The study of context, or of the contextualities of interaction, is inherent in the investigation of social reproduction. ‘context ‘involves the following (Giddens 1984:282):
( a) the time-space boundaries (usually having symbolic or physical markers) around interaction strips;
(b) the co-presence of actors, making possible the visibility of a diversity of facial expressions-, bodily gestures, linguistic and other media of communication;
(c) awareness and use of these phenomena reflexively to influence or control the flow of interaction.

Diese Charakterisierung kann auch heute noch verwendet werden. Dabei fällt auf, dass manche Bedingungen bei einer digitalen Interaktion/Kommunikation nicht gegeben sind. Beispielsweise sind die körperlichen Gesten oft nicht vollständig zu erkennen – auch in Bezug zu den körperlichen Gesten anderer Teilnehmer, die zeitgleich passieren.

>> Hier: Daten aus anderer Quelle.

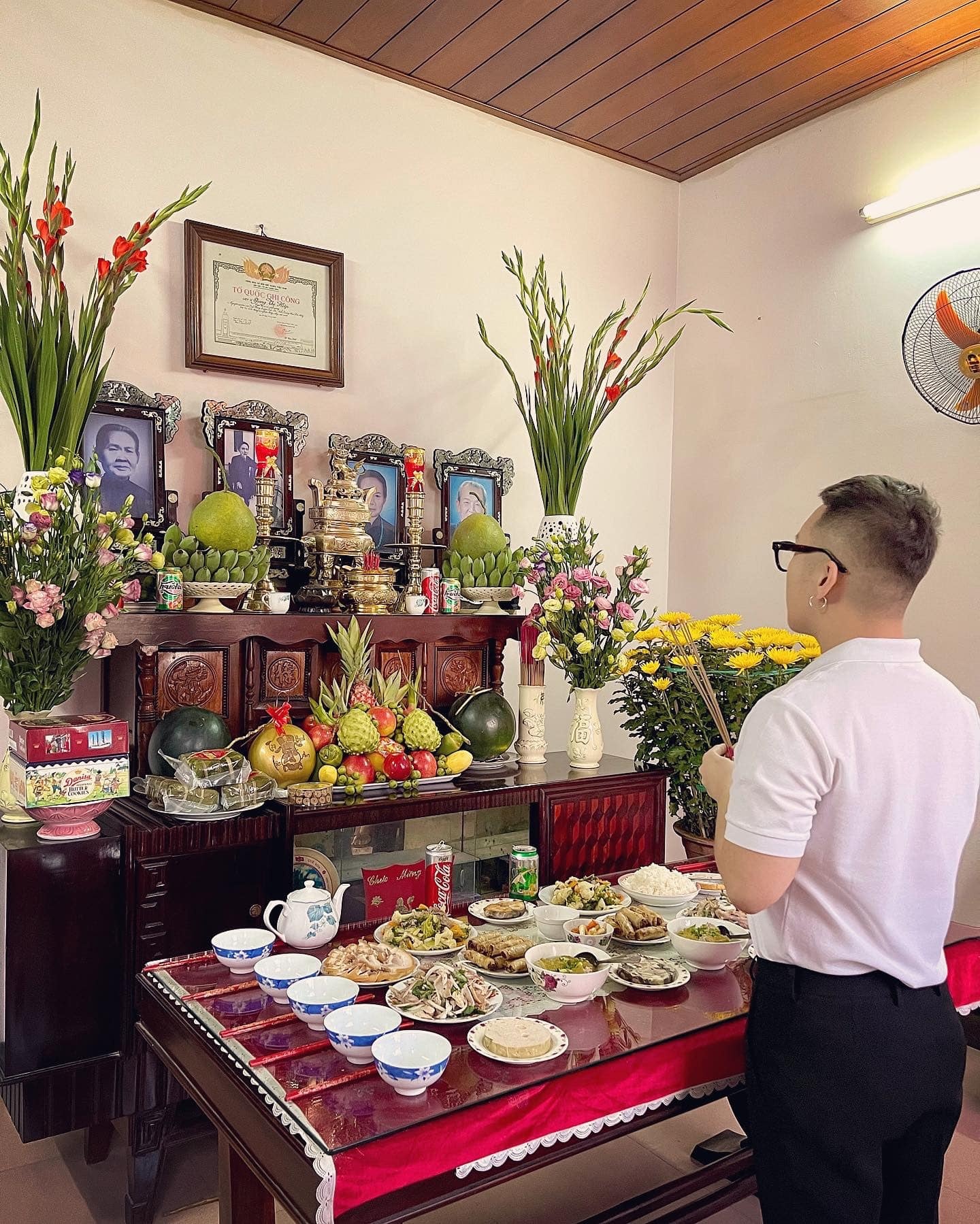 Nghệ sĩ Việt Tết Nguyên đán 2021 ảnh 11 Nghe si Viet Tet Nguyen dan 2021 anh 11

Es stellt sich für mich die Frage, ob diese wenigen Elemente schon genügen können, die Interaktion und damit die Kommunikation zu verfälschen. In hoch komplexen Systemen kann eine kleine Änderung sehr große Auswirkungen haben …

Gedanken zu Kreativität und Intelligenz

In den letzten mehr 100 Jahren gab es ein Umfeld, das Berechenbarkeit und Vorhersehbarkeit als wesentliche Bestandteile gesellschaftlicher und wirtschaftlicher Entwicklungen betrachtete. Ein Instrument dieser Zeit ist der Intelligenzquotient (IQ) mit seiner (teilweisen) Vorhersehbarkeit von schulischen und/oder beruflichen Entwicklungen.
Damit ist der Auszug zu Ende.